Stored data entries

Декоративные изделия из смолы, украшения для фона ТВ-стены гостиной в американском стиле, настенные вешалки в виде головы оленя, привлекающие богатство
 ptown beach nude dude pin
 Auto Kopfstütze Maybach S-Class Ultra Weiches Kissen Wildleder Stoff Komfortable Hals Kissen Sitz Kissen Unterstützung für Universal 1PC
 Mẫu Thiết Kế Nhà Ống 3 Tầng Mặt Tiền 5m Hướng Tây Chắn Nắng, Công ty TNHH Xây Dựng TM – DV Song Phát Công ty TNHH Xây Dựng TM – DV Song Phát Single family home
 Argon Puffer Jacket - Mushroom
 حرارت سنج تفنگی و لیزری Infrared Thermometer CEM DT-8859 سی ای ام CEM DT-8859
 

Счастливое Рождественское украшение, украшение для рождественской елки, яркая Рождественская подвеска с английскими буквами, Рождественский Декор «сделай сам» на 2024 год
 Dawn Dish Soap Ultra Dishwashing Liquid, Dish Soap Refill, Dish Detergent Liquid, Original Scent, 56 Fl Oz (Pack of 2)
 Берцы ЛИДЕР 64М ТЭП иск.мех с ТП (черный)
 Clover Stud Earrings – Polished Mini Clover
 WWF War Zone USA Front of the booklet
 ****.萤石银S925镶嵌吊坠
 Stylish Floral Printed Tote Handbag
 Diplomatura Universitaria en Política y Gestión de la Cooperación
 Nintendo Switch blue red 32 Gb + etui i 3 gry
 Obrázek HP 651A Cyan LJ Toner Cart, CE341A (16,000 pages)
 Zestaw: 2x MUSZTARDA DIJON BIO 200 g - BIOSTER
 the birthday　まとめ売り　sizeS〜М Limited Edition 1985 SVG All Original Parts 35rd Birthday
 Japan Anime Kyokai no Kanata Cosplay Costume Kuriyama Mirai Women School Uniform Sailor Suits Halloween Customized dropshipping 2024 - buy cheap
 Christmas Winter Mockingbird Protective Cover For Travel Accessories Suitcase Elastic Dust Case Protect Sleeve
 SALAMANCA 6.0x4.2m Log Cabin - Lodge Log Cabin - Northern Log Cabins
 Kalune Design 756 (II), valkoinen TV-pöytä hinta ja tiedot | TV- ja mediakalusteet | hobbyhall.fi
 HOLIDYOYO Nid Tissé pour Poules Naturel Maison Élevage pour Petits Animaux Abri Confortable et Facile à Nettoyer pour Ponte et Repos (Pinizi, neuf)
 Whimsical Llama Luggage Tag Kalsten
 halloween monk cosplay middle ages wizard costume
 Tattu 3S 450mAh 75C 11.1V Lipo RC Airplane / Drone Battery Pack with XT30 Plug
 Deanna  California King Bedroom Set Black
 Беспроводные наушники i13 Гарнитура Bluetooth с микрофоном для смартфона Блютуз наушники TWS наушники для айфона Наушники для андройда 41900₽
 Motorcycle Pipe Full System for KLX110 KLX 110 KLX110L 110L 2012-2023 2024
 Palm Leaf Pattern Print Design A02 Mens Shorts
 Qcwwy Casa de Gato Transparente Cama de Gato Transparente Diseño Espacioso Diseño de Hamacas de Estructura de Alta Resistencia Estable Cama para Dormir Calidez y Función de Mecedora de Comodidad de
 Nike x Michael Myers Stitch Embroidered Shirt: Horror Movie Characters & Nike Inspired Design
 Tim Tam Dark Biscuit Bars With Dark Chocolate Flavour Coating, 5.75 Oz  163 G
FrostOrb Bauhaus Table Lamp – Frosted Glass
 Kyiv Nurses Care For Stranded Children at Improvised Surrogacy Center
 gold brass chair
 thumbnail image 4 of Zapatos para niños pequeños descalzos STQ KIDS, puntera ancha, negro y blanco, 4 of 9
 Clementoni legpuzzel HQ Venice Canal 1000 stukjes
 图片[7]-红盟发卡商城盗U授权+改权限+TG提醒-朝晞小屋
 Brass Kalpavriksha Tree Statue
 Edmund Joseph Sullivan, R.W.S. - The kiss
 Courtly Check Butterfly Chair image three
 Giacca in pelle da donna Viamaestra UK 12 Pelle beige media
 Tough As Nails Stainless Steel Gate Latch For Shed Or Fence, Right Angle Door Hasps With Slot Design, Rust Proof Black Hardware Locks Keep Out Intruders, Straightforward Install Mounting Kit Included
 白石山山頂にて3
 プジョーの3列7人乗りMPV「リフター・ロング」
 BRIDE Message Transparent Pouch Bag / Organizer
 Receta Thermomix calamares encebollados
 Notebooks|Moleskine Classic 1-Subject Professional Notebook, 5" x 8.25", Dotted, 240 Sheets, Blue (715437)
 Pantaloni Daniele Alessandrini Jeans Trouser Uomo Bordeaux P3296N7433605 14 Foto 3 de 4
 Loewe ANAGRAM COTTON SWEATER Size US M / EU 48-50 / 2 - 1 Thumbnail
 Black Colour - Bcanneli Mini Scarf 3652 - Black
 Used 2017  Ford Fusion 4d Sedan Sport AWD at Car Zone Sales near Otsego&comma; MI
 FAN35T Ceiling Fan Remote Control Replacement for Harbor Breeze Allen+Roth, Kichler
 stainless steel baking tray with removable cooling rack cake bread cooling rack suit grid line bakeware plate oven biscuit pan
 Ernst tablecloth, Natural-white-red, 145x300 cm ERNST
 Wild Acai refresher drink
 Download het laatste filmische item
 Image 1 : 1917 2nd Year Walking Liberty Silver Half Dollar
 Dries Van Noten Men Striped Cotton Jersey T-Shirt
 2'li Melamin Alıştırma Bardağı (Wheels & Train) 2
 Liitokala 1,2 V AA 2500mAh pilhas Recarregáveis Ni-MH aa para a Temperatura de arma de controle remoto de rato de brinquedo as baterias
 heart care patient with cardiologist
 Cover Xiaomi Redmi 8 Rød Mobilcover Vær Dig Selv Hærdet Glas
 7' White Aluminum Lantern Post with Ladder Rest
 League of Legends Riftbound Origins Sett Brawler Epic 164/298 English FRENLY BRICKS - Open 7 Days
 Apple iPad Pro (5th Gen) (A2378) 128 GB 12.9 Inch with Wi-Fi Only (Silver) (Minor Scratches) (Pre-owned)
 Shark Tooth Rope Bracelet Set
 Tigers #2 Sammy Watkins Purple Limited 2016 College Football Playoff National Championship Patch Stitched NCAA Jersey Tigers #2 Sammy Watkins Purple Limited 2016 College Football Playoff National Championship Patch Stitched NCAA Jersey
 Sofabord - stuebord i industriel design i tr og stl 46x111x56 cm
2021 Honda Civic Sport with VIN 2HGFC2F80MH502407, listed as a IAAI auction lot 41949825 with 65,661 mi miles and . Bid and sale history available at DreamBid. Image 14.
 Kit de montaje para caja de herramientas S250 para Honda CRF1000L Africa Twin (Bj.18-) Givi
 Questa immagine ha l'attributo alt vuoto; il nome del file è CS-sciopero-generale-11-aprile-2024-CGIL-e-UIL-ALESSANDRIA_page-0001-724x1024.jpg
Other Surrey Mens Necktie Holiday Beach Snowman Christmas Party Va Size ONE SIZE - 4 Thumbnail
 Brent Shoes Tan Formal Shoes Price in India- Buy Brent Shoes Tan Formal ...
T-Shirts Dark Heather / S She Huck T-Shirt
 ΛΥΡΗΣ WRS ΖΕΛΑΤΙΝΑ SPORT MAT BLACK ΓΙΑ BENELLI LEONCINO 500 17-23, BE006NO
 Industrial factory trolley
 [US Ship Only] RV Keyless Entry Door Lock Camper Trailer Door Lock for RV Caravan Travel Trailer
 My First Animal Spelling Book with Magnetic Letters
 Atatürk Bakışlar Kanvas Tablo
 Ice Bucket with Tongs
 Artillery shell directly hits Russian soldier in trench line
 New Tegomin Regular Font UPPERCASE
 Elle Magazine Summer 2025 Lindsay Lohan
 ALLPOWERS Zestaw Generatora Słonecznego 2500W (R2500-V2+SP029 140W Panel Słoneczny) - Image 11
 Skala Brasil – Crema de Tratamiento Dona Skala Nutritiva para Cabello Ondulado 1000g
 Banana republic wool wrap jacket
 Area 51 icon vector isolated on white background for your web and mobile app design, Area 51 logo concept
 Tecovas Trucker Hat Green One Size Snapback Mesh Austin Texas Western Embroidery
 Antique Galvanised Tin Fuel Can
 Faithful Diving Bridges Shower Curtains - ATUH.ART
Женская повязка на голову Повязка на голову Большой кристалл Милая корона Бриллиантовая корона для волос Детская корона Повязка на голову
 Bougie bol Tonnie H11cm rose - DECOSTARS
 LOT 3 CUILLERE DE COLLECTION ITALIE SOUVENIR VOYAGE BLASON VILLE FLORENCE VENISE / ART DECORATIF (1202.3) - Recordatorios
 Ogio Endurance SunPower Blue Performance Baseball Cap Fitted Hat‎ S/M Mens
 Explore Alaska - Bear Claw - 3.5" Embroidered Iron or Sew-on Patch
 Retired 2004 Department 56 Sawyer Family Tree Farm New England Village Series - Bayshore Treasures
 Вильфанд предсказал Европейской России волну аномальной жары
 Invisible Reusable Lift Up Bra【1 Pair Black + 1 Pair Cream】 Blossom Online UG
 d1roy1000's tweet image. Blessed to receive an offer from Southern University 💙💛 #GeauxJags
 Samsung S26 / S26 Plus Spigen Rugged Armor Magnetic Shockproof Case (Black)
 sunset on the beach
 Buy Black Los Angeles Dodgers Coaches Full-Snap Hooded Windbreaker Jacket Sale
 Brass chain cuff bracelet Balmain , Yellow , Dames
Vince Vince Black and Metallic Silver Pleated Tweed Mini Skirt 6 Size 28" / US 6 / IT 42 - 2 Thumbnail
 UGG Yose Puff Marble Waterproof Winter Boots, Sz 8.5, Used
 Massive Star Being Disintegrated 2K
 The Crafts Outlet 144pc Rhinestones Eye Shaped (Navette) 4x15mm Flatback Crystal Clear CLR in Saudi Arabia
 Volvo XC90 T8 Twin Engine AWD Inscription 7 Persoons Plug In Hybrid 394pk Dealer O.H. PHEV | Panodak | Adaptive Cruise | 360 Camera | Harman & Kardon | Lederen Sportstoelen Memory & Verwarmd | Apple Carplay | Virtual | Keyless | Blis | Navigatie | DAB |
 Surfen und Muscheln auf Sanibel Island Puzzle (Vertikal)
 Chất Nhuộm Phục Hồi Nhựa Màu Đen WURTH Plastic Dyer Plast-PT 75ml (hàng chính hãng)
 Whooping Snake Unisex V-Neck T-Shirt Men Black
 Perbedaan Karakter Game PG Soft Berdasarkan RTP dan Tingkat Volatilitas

Task statement | All lines above between those holding "ALLPOWERS Zestaw Generatora" and "Вильфанд предсказал Европейской", inclusive, must be set down unchanged, and no other line may be included.

Response to this exercise |
 ALLPOWERS Zestaw Generatora Słonecznego 2500W (R2500-V2+SP029 140W Panel Słoneczny) - Image 11
 Skala Brasil – Crema de Tratamiento Dona Skala Nutritiva para Cabello Ondulado 1000g
 Banana republic wool wrap jacket
 Area 51 icon vector isolated on white background for your web and mobile app design, Area 51 logo concept
 Tecovas Trucker Hat Green One Size Snapback Mesh Austin Texas Western Embroidery
 Antique Galvanised Tin Fuel Can
 Faithful Diving Bridges Shower Curtains - ATUH.ART
Женская повязка на голову Повязка на голову Большой кристалл Милая корона Бриллиантовая корона для волос Детская корона Повязка на голову
 Bougie bol Tonnie H11cm rose - DECOSTARS
 LOT 3 CUILLERE DE COLLECTION ITALIE SOUVENIR VOYAGE BLASON VILLE FLORENCE VENISE / ART DECORATIF (1202.3) - Recordatorios
 Ogio Endurance SunPower Blue Performance Baseball Cap Fitted Hat‎ S/M Mens
 Explore Alaska - Bear Claw - 3.5" Embroidered Iron or Sew-on Patch
 Retired 2004 Department 56 Sawyer Family Tree Farm New England Village Series - Bayshore Treasures
 Вильфанд предсказал Европейской России волну аномальной жары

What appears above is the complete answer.